__TASK DESCRIPTION__. Please set down, unchanged, each line from the one with "Adi Sidler Brushed" to the final line of the data below, both included. Drop the pictures.

__GIVEN MATERIAL__.
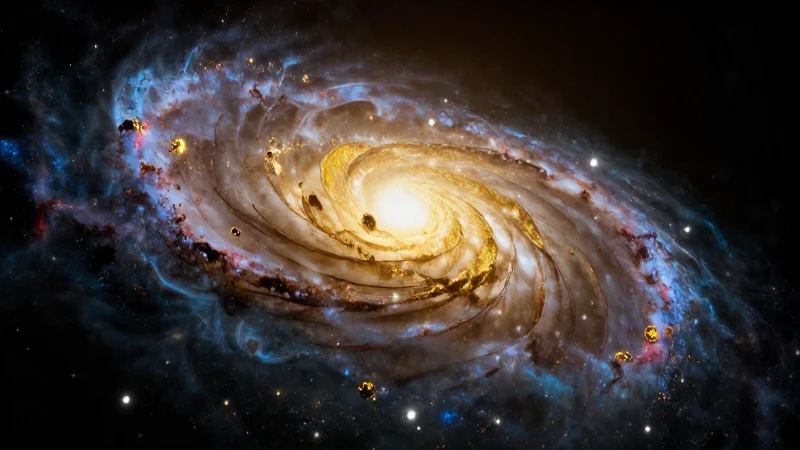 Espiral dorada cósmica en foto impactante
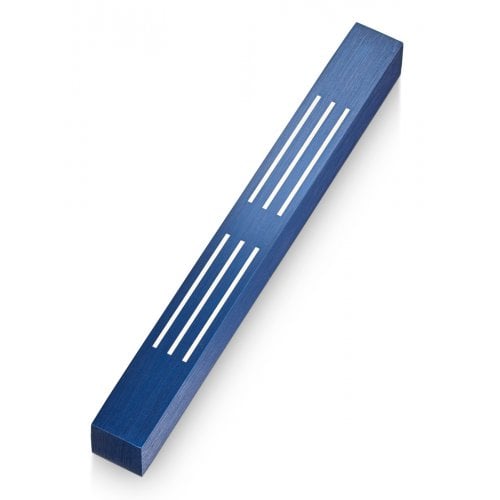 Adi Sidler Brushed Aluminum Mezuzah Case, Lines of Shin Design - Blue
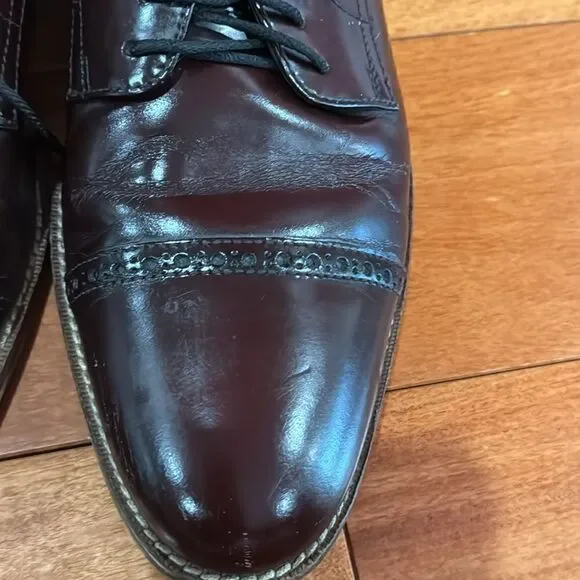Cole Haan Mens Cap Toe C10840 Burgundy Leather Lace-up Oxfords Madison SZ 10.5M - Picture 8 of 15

__ANSWER__.
 Adi Sidler Brushed Aluminum Mezuzah Case, Lines of Shin Design - Blue
Cole Haan Mens Cap Toe C10840 Burgundy Leather Lace-up Oxfords Madison SZ 10.5M - Picture 8 of 15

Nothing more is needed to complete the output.